Das geht aus einem Bericht des Bundesverkehrsministeriums an den Haushaltsausschuss des Bundestags hervor. Demnach kalkuliert das Ressort nunmehr mit Gesamtkosten von 800 Millionen Euro und einer Freigabe für den Verkehr frühestens im Jahr 2024. Ursprünglich sollte die neue Kanalschleuse im zweiten Halbjahr 2020 fertig sein.

Der Bericht des Ministeriums stand am Donnerstag ebenso auf der Tagesordnung des Haushaltsausschusses wie eine sehr kritische Stellungnahme des Bundesrechnungshofs zum Projekt. Das Bundesministerium verweist auf technische Probleme und Rechtsstreitigkeiten, die das Vorankommen behindern und die Kosten treiben. Zunächst waren 485 Millionen Euro für den Bau der Schleuse selbst und 55 Millionen für vorbereitende und begleitende Bauarbeiten eingeplant.

„Die Baumaßnahme befindet sich zurzeit rund zwei Jahre hinter dem ursprünglichen Zeitplan“, schreibt das Ministerium. Es listet diese Hauptgründe auf: Auseinandersetzungen zwischen Auftragnehmer und Wasserstraßen- und Schifffahrtsverwaltung, nicht vorhersehbare, umfangreiche Sondierungen und Räumungen von Kampfmitteln, dazu Anpassungen der Rückverankerungen für die Kammersohle und -wände in einem schwierigen Baugrund. „Aus den bereits eingetretenen und noch zu erwartenden Verzögerungen ergibt sich aus heutiger Sicht Verkehrsfreigabe ab 2024“, resümiert das Ministerium.

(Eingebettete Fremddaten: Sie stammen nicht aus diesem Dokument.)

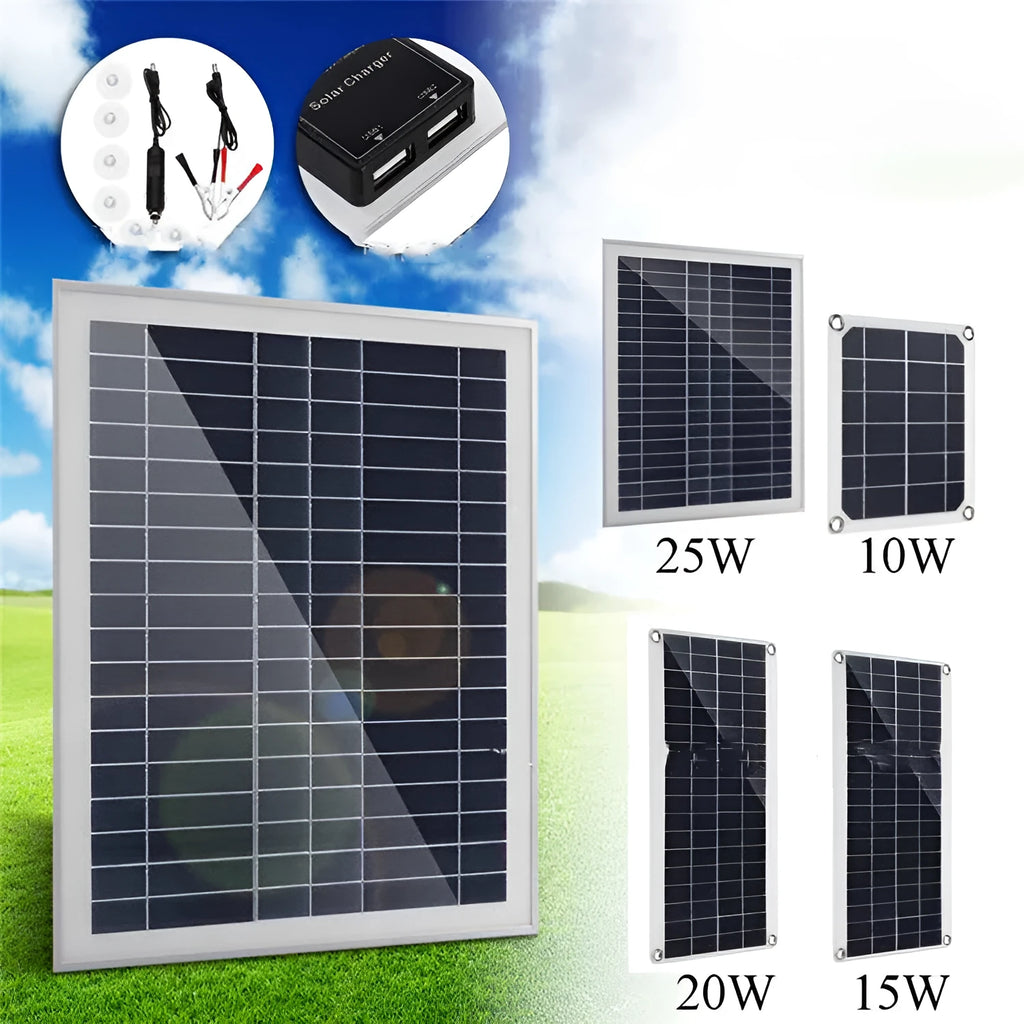 Portable solar charging panel with dual USB ports for outdoor phone and tablet charging.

„Die Abwicklung des Bauvertrags war bisher von erheblichen Konflikten gekennzeichnet, die überwiegend vom Auftragnehmer zu vertreten waren“, führt das Ressort aus. „Für die vorlaufenden Schlickbaggerungen unter Kampfmittelverdacht musste die Wasserstraßen und Schifffahrtsverwaltung des Bundes sogar eine Teilkündigung des Bauvertrags aussprechen und die Leistung an einen leistungsfähigeren Auftragnehmer vergeben.“

Mit der neuen Schleuse soll der Schiffsverkehr durch den Nord-Ostsee-Kanal reibungsloser ablaufen. In der Vergangenheit musste die knapp 100 Kilometer lange künstliche Wasserstraße zwischen Kiel und Brunsbüttel öfter gesperrt werden, weil die über 100 Jahre alten Schleusen defekt waren.

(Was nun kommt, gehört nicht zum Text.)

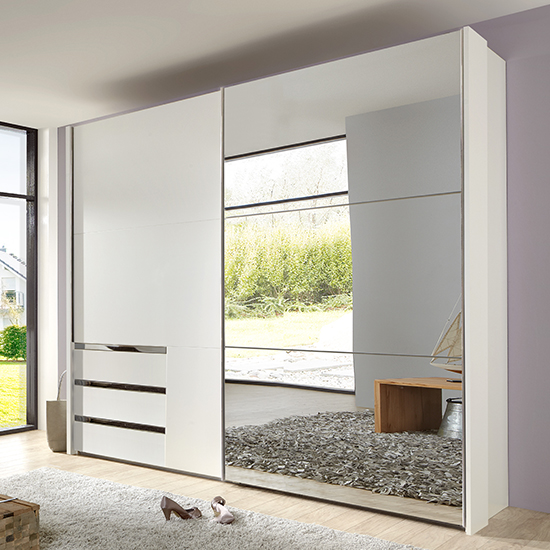 Read more about Alkesu mirrored sliding door wide wardrobe in white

Der Bundesrechnungshof hat in seinem Bericht den Sachstand des Bauprojekts als bedenklich bewertet. Die Behörde führte technische Probleme, Verzögerungen und eine unklare Entwicklung der Kosten an. Der Rechnungshof stellt auch das Verfahren infrage, das zur Verankerung der Schleuse gewählt wurde. „Der Bundesrechnungshof bezweifelt, dass das BMVI (Bundesverkehrsministerium) unter diesen Voraussetzungen überhaupt in der Lage ist, seine Bauprojekte im Bereich der Bundeswasserstraßen zu steuern“, heißt es in dem Bericht.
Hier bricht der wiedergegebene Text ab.